Records for the task Start Marker
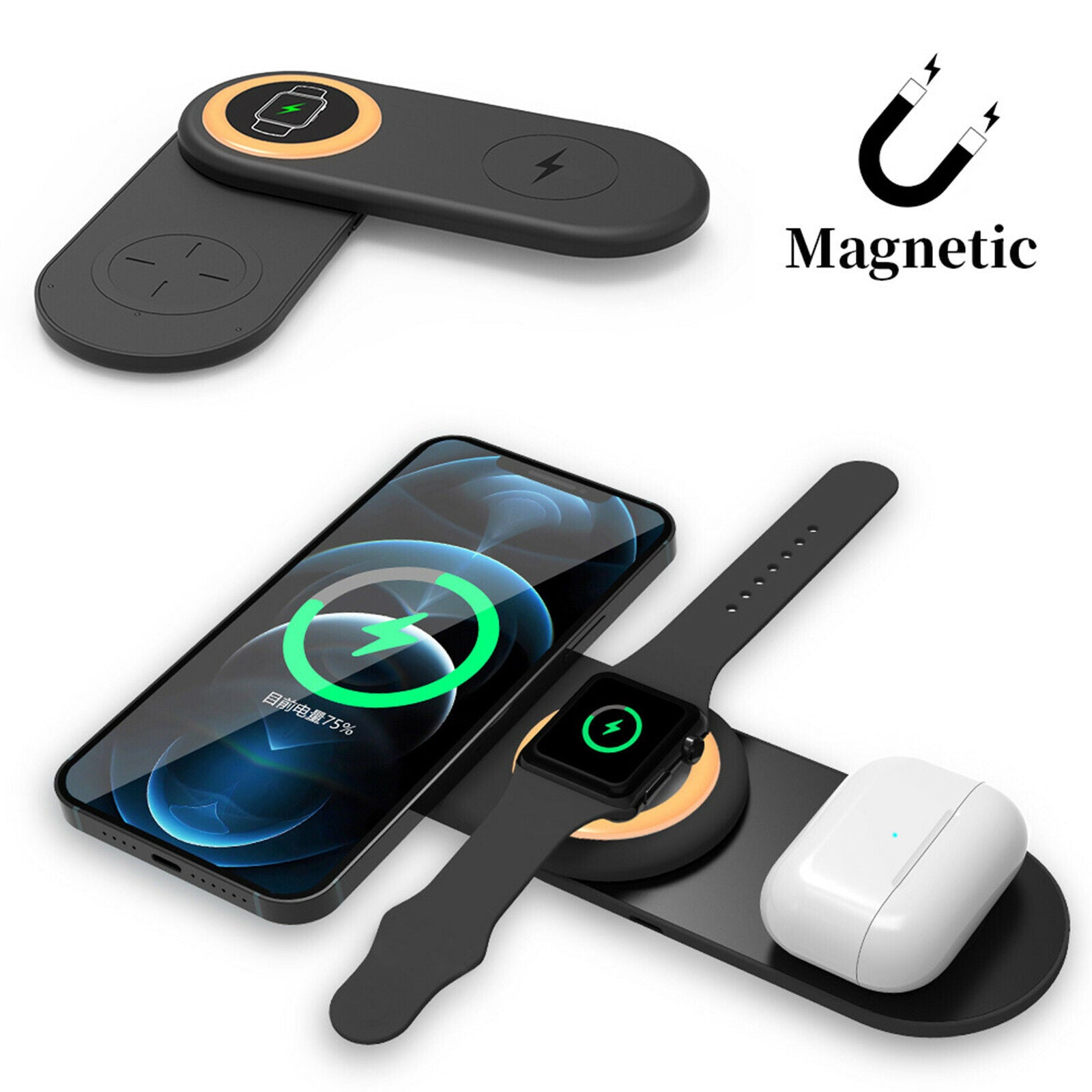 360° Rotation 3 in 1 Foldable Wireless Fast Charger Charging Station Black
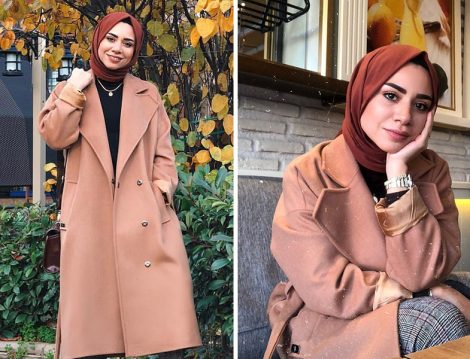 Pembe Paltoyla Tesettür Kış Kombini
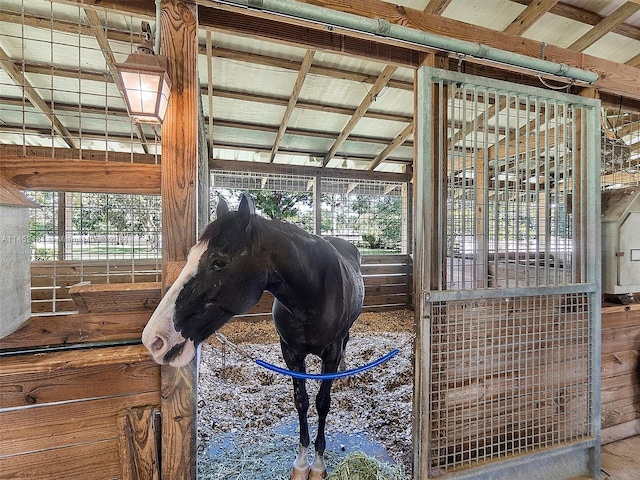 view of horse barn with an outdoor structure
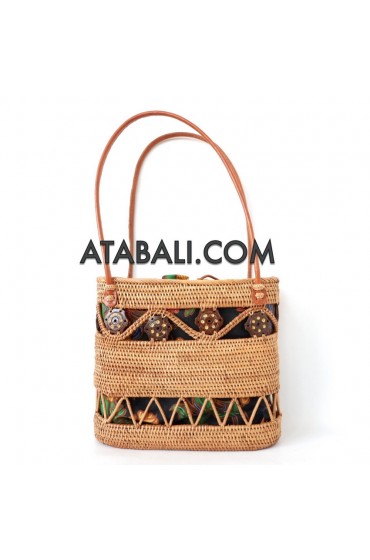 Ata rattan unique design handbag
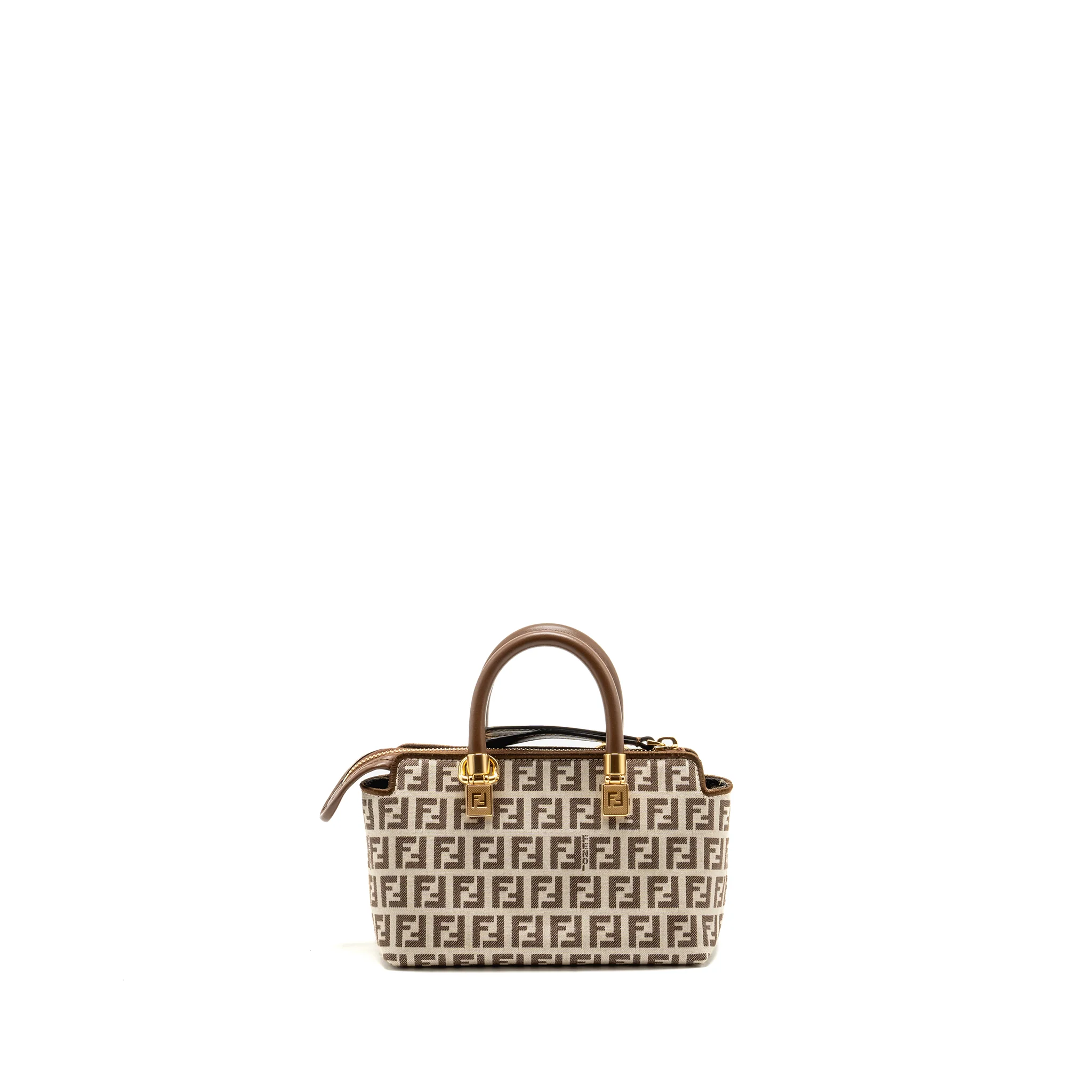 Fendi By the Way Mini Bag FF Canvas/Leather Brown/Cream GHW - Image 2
Records for the task End Marker
Records for the task Start Marker
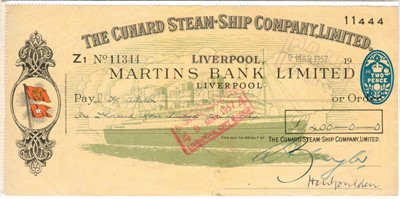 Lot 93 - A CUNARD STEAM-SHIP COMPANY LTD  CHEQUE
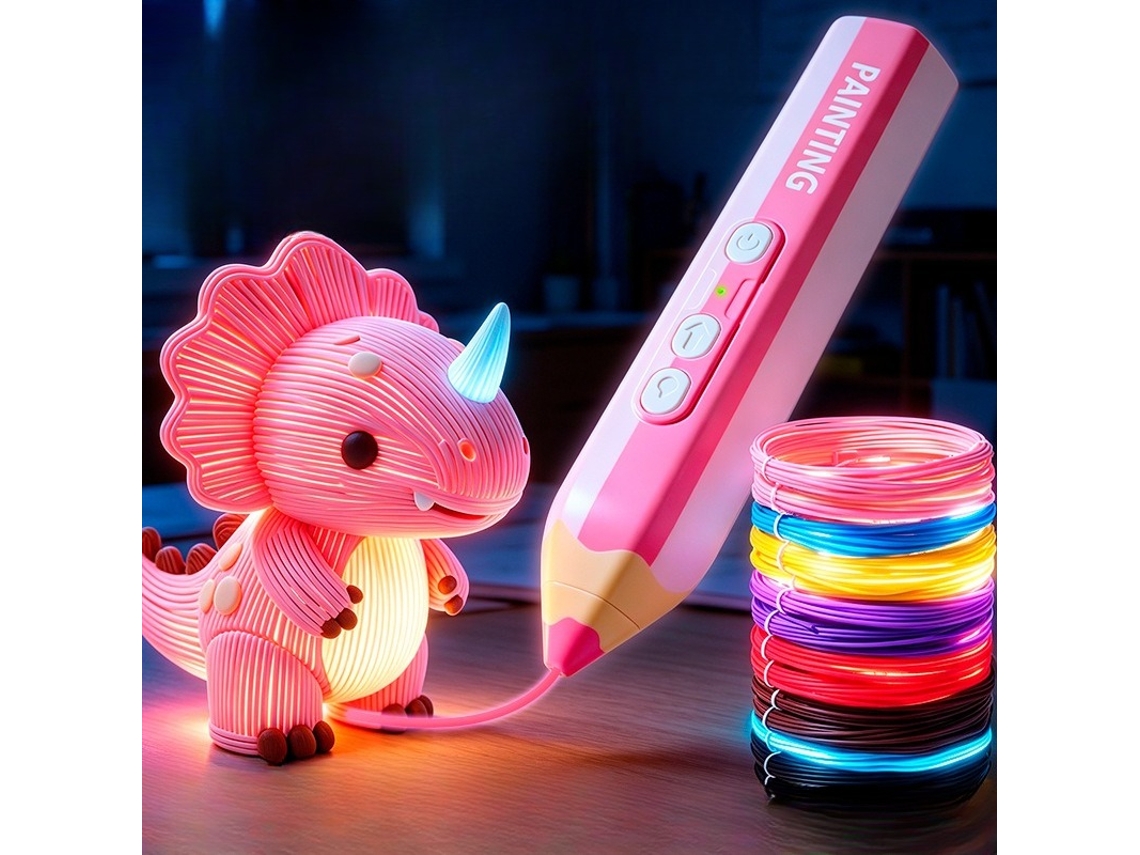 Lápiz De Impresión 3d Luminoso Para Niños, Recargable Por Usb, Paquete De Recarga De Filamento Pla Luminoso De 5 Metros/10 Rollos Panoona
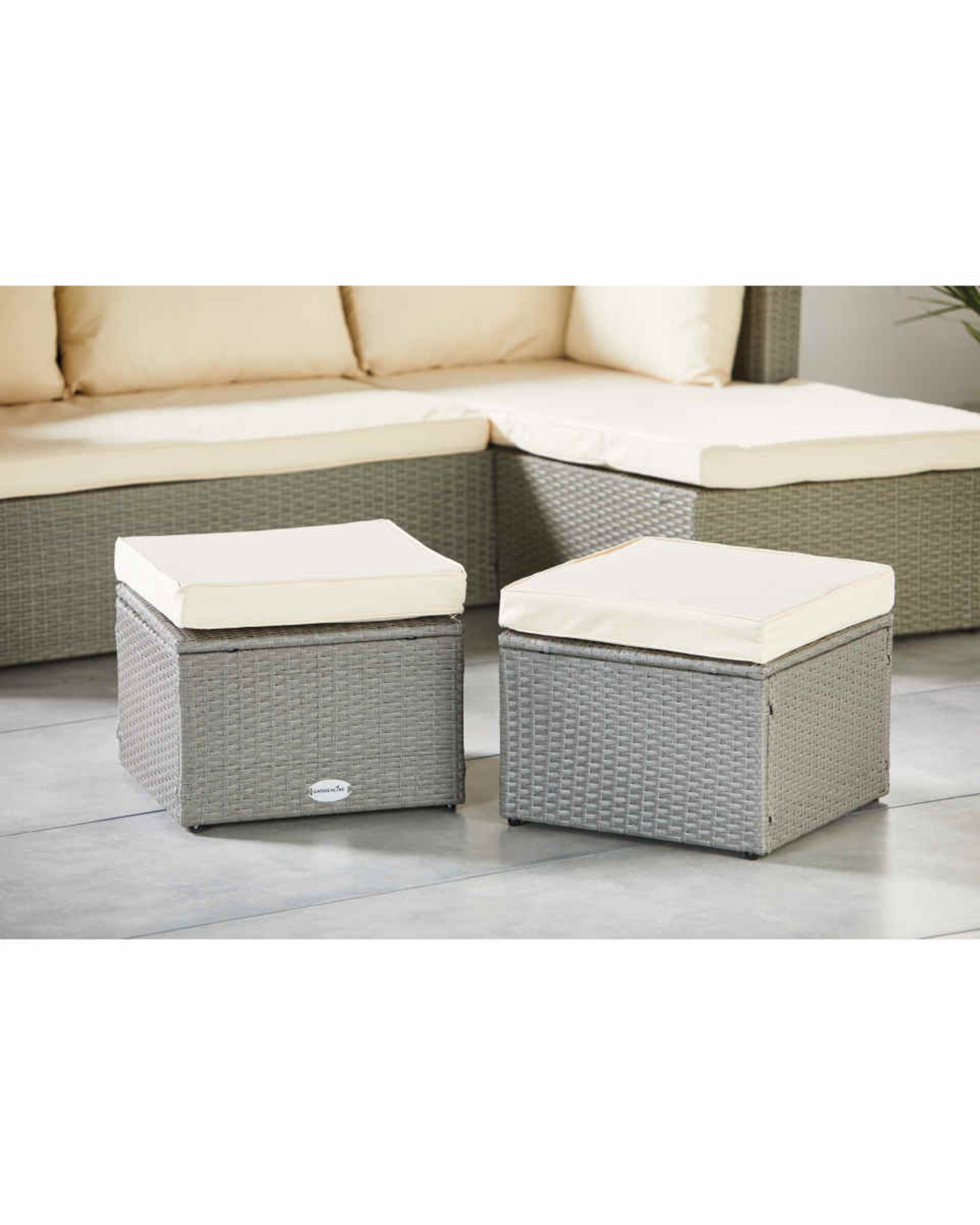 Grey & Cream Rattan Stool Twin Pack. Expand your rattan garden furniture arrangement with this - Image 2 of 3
Records for the task End Marker
[The task] Please output the lines above beginning at the line with "Pembe Paltoyla Tesettür Kış Kombini" and ending after the line with "Fendi By the", precisely as written and with no pictures.

[Response to this exercise]
 Pembe Paltoyla Tesettür Kış Kombini
 view of horse barn with an outdoor structure
 Ata rattan unique design handbag
 Fendi By the Way Mini Bag FF Canvas/Leather Brown/Cream GHW - Image 2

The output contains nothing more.